▶ DATA SHOWN
◆ ◆ ◆
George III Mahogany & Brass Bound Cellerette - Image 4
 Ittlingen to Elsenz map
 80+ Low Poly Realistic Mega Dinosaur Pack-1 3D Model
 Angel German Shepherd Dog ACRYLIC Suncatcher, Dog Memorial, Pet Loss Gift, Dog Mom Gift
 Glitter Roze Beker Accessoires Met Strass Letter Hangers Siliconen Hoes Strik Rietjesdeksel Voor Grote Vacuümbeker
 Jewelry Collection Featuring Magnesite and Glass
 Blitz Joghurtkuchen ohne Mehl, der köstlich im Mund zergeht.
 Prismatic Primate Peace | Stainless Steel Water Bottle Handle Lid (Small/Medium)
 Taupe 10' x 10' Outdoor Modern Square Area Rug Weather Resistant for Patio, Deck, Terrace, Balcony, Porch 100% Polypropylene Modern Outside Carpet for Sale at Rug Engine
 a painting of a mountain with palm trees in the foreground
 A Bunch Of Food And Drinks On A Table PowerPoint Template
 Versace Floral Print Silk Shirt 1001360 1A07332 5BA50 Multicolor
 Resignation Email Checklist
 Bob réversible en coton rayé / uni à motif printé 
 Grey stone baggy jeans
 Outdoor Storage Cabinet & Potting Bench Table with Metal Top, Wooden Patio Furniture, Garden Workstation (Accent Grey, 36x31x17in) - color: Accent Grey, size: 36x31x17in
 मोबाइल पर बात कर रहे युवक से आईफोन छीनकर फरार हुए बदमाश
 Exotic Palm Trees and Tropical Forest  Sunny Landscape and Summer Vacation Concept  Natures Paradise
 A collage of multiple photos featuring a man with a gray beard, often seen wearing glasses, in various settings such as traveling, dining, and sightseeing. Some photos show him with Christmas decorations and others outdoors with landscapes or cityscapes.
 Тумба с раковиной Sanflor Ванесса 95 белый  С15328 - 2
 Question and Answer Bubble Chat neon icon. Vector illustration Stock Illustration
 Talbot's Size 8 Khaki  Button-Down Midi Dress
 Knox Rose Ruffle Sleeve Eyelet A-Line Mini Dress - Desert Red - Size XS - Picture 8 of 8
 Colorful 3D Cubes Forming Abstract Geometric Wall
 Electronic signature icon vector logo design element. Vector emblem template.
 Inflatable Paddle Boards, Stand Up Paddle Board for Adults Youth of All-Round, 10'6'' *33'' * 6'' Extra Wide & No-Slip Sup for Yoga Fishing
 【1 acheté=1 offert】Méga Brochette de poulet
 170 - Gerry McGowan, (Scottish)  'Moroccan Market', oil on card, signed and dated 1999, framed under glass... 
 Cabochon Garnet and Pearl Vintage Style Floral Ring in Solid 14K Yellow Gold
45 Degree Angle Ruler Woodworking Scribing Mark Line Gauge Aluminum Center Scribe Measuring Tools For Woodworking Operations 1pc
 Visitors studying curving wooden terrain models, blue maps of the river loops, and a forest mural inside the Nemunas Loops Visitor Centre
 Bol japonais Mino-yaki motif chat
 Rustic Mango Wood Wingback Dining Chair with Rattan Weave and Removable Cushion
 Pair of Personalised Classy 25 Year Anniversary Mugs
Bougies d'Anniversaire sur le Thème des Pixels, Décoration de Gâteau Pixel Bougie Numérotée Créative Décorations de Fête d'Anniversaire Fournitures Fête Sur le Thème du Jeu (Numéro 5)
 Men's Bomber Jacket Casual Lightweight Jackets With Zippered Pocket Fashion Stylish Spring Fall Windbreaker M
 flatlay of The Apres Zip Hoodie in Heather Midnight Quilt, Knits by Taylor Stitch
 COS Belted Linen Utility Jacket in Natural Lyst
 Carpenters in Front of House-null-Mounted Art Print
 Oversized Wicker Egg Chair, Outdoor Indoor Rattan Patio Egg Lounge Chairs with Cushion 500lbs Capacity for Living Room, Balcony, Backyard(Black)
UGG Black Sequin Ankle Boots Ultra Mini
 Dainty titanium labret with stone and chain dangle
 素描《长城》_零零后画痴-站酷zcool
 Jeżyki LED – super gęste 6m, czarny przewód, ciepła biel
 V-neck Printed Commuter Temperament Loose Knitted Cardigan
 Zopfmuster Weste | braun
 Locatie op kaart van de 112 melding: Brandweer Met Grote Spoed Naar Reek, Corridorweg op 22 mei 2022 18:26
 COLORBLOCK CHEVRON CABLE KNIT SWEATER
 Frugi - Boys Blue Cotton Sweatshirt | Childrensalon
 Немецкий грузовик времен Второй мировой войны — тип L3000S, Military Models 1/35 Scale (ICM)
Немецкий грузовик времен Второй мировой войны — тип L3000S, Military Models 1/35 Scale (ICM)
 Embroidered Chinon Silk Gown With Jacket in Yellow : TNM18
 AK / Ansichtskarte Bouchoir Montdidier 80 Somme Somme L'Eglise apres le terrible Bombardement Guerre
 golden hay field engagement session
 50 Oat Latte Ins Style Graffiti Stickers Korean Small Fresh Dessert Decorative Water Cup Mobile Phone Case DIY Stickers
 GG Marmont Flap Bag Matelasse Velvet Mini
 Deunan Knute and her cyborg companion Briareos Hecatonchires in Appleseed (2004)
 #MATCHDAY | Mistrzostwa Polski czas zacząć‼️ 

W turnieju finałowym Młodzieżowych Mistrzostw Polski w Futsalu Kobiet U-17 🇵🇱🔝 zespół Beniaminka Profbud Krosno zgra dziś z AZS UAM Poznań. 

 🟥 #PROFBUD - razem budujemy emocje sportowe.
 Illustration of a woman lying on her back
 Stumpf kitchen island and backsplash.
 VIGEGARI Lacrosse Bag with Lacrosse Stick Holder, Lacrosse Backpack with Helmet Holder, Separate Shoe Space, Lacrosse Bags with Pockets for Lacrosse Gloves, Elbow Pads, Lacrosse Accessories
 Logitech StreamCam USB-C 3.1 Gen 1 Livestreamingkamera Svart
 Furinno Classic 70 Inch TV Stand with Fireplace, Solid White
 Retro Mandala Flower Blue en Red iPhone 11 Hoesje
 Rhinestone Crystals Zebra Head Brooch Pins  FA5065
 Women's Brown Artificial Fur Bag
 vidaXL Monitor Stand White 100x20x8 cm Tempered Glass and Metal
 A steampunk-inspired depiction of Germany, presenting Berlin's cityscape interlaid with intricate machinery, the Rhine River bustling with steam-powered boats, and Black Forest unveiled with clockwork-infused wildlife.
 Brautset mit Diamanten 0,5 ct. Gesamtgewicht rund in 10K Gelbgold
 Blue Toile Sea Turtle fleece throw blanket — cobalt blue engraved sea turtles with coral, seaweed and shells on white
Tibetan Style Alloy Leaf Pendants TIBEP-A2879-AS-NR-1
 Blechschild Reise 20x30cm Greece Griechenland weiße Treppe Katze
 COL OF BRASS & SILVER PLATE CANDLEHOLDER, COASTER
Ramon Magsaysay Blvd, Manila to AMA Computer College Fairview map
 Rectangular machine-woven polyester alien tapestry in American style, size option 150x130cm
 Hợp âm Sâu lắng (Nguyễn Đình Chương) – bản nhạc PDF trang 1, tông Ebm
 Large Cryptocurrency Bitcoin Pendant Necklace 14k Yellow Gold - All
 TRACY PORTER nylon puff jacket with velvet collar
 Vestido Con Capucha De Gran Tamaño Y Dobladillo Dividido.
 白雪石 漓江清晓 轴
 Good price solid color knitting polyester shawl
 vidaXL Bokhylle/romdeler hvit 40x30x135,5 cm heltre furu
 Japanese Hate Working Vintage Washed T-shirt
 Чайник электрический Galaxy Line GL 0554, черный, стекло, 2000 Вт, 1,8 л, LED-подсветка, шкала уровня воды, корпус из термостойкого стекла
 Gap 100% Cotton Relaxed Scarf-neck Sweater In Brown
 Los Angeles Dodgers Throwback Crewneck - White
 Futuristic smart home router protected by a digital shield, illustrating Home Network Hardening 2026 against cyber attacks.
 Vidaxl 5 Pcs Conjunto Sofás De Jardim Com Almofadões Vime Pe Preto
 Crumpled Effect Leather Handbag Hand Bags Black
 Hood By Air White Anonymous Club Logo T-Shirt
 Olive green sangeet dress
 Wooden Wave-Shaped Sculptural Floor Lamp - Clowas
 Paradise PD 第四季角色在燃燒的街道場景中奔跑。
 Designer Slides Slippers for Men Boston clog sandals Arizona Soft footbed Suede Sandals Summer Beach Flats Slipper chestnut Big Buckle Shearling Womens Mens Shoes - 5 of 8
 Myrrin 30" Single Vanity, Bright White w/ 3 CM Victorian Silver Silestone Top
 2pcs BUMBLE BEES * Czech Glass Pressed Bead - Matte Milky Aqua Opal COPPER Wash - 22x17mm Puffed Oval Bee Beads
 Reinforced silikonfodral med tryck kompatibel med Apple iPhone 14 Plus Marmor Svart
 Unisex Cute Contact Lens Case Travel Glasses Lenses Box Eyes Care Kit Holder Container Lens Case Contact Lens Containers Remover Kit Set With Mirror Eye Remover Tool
◆ ◆ ◆
▶ WHAT THE TASK ASKS
Going through the records above, count the lines that include the word "Grey". Give the number alone.

▶ EXERCISE RESPONSE
2